During a virtual vacuum of state resource management in South Africa in the 1990s, people looked for new ways to regulate resource exploitation in the absence of coercive governmental policies. In one of the case studies, independent, dispossessed villages outside the Dwesa-Cwebe Nature Reserve coalesced into a community called Dwesa Cwebe on the basis of their shared struggle for rights to the forest in the Reserve. However, following the success of their coordinated activism and the subsequent regularization of resource access, a new problem relating to livestock grazing rights arose. Two of the villages were not awarded much-needed land access for grazing their livestock, and therefore continued illegally utilizing the Reserve to this end. The larger community called upon the government to help enforce the regulations, but their plea for assistance went unanswered and villagers without alternatives continued illegally grazing their livestock, presenting a situation that has undermined the legitimacy of the community conservation institution.

Shortcomings of the state are also highlighted in the second case study concerning the re-establishment of access rights to a eucalyptus woodlot outside the Dwesa-Cwebe Nature Reserve. The woodlots originated as a compensatory natural resource from the state to locals who suffered eviction from and restricted access to the Nature Reserve. In the subsequent void of government management, the woodlot was succumbing to unsustainable harvest techniques and over-exploitation by outsiders. The four villages that were closest to the woodlot united through their resistance to outsiders and common experience of dispossession in order to protect the trees and promote healthy harvesting practices. Though they formed a community with vested interest in conservation and took many steps to institute management, their efforts eventually failed as the state did not furnish support for financial or enforcement needs.
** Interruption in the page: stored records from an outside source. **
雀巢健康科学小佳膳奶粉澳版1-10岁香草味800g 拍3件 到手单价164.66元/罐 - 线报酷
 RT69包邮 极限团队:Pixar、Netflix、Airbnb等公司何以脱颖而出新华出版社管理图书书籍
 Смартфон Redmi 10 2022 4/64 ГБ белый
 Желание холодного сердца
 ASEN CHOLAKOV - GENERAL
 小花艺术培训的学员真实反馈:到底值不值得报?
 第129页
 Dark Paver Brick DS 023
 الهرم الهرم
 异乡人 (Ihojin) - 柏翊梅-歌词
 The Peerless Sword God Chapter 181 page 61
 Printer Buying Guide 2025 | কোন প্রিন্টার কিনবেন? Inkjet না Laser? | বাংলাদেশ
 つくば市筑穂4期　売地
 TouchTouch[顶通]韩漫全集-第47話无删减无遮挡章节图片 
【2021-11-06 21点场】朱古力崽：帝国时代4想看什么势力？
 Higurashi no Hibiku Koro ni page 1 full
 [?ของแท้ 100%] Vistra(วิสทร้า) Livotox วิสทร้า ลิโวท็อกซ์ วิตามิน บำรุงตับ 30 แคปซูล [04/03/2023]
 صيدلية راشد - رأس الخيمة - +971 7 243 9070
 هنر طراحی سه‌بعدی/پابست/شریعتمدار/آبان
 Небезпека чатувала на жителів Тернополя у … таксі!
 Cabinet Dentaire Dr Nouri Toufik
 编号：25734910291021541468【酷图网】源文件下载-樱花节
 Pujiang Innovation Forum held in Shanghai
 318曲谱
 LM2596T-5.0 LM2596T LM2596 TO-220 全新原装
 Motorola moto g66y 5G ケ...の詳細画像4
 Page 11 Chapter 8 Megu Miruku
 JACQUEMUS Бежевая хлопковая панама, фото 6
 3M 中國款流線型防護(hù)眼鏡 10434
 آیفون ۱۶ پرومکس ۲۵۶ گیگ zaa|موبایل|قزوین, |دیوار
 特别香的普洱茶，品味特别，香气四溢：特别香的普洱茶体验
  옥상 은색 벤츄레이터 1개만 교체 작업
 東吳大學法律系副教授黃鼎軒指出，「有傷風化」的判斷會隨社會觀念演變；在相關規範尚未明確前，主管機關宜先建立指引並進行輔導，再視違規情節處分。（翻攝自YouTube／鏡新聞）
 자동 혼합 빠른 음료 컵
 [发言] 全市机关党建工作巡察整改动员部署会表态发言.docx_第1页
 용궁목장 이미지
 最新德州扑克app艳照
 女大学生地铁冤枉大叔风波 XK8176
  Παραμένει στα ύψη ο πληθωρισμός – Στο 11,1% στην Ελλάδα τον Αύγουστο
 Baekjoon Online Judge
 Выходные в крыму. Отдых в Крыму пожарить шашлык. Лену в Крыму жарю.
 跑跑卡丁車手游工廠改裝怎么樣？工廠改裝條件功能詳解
The author notes that while these newly federated groups of people succeed in their formation of community structures to govern resources, the relevant problem becomes one of financing and enforcing the new regulations and spatial boundaries they stipulated for resource management. Fay suggests that in order to provide critical support for emergent grassroots resource management efforts, research must be expanded to adopt a sharper focus on such cases where communities initiate CBNRM of their own accord.